**Data excerpt**
○ ○ ○ ○ ○

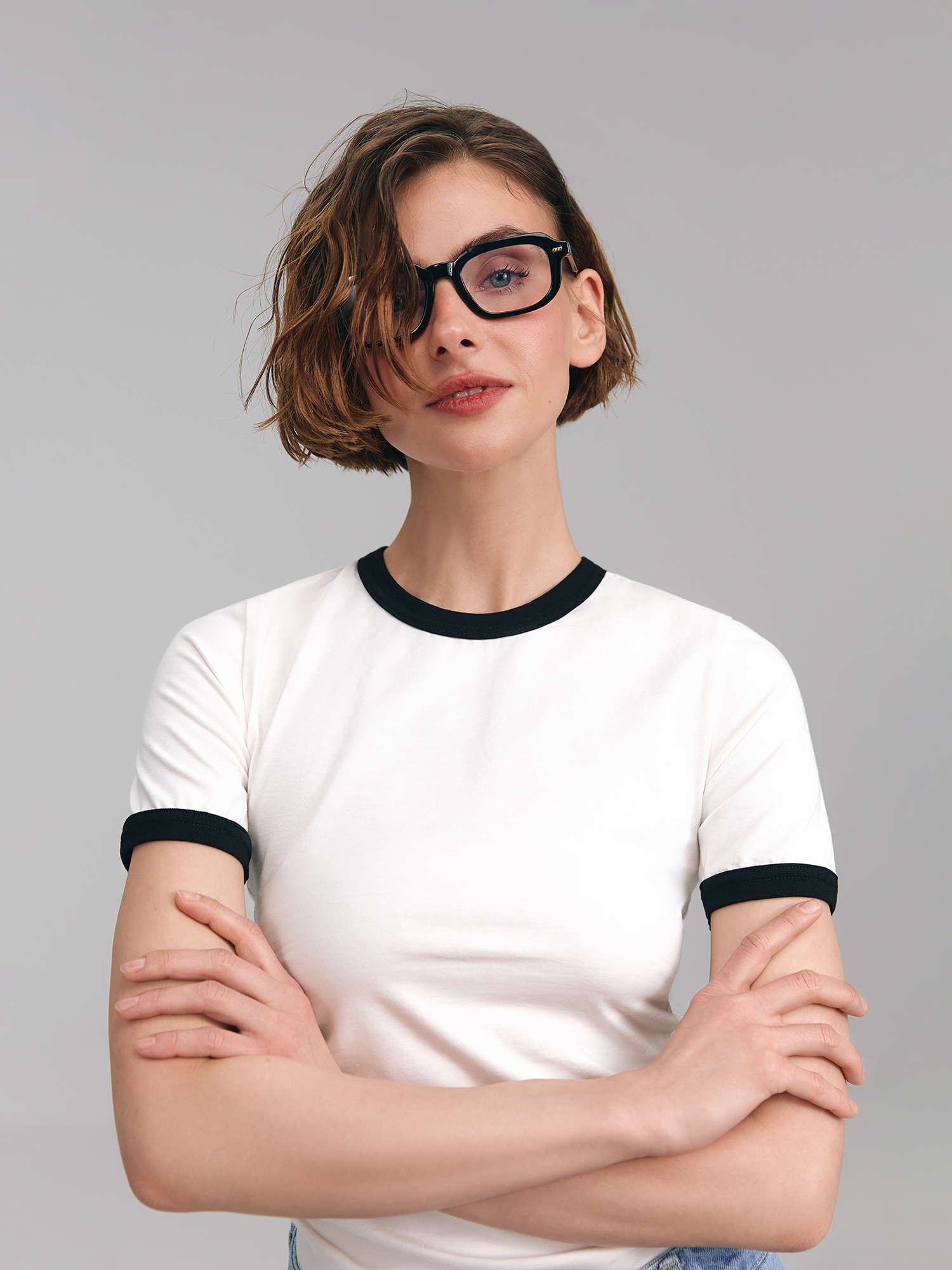 Fitted T-shirt with black piping, milky
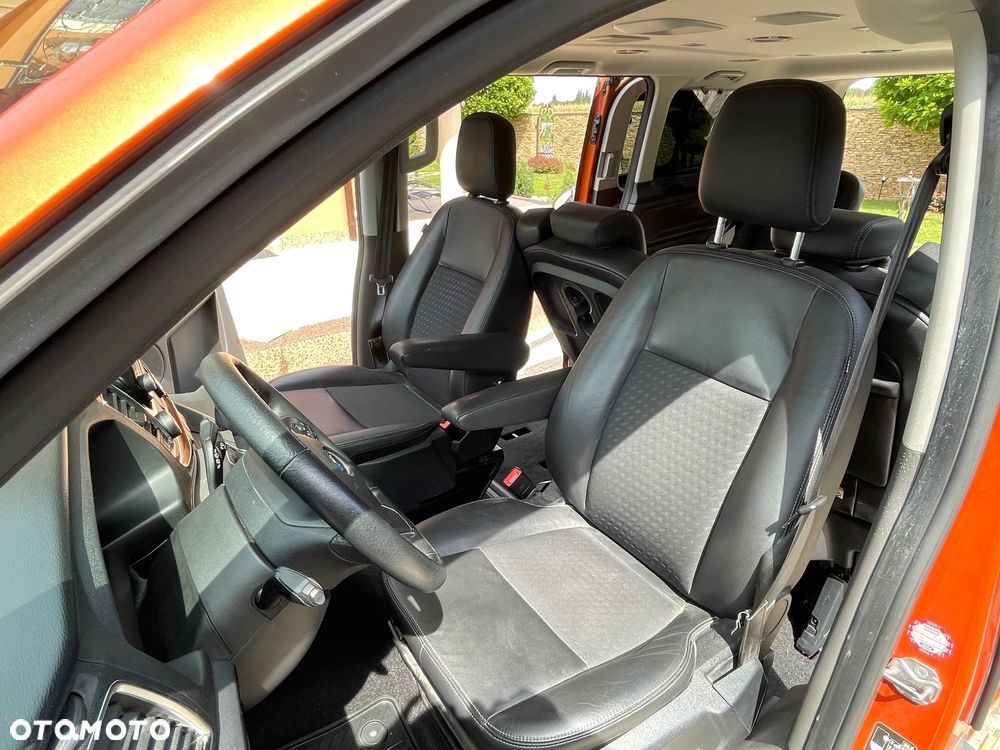 Ford Tourneo Custom - 6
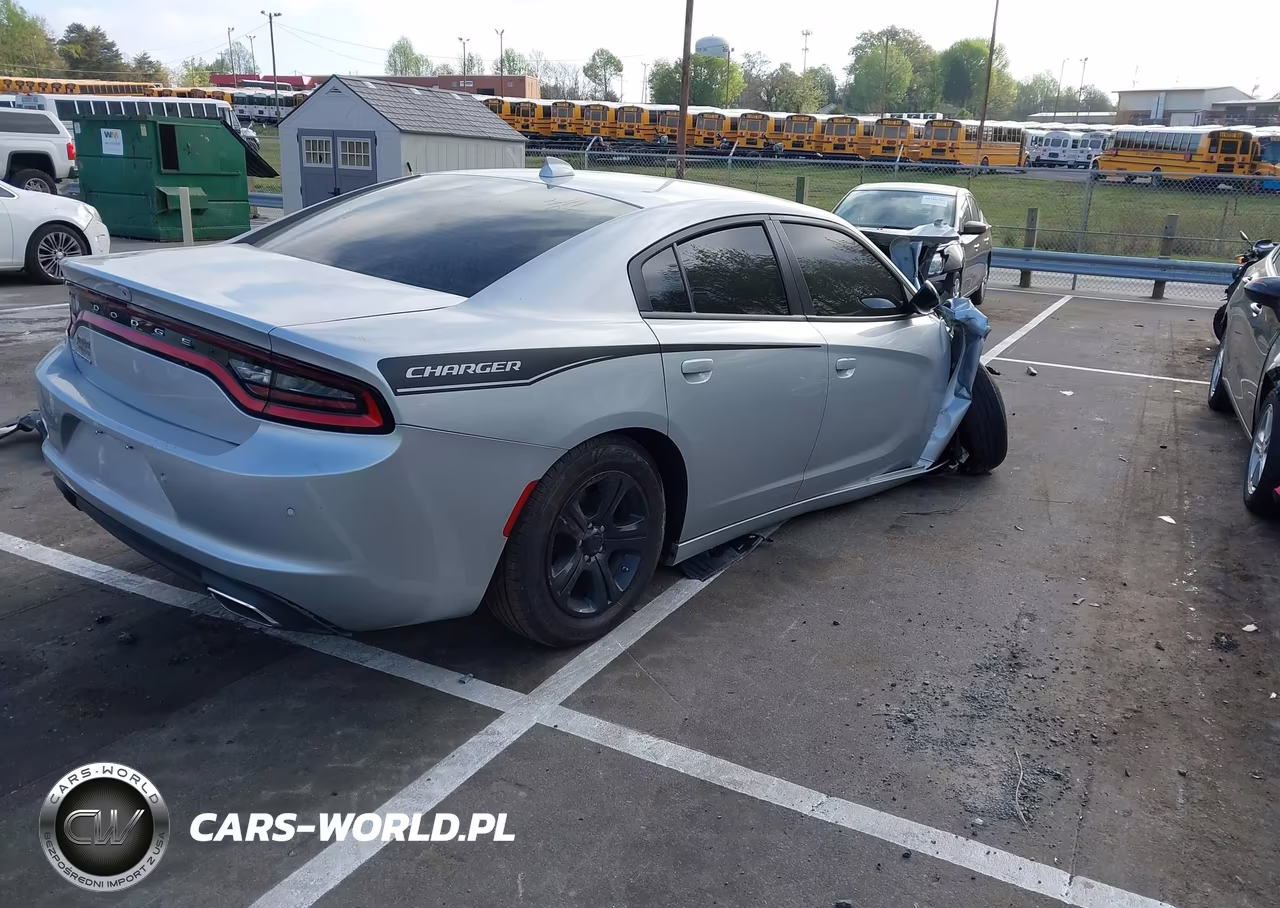 2023 Dodge Charger Sxt VIN:2C3CDXBG7PH530612 - 4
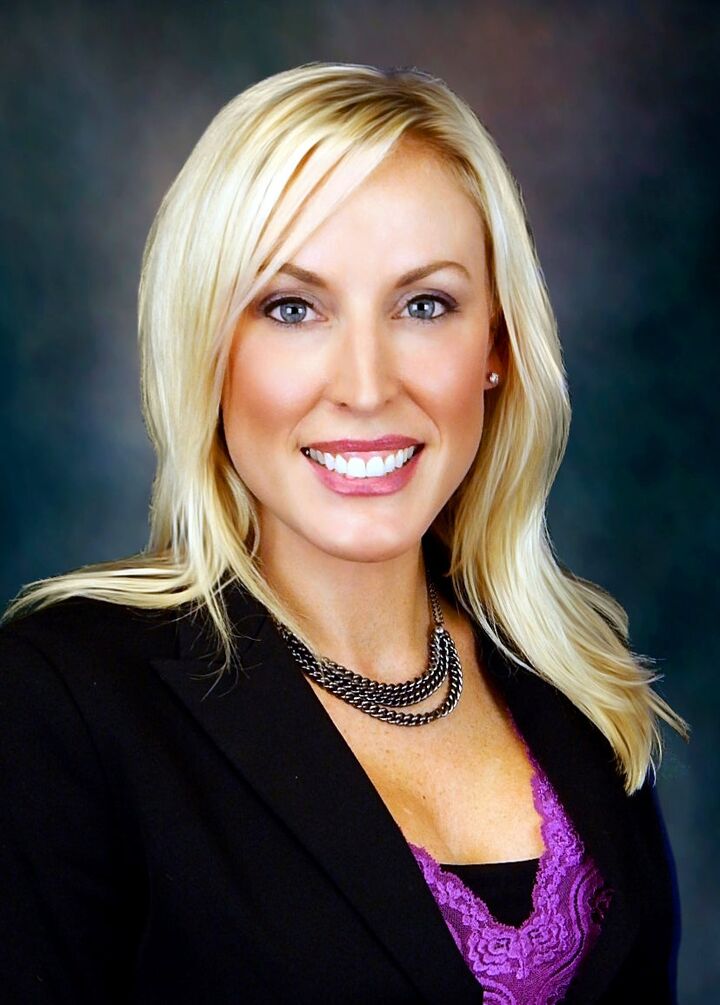 Laura Mayer,  in Hauppauge, Realty Connect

○ ○ ○ ○ ○

Retype the entire listing exactly as it appears, dropping only the pictures.

 Fitted T-shirt with black piping, milky
 Ford Tourneo Custom - 6
 2023 Dodge Charger Sxt VIN:2C3CDXBG7PH530612 - 4
 Laura Mayer,  in Hauppauge, Realty Connect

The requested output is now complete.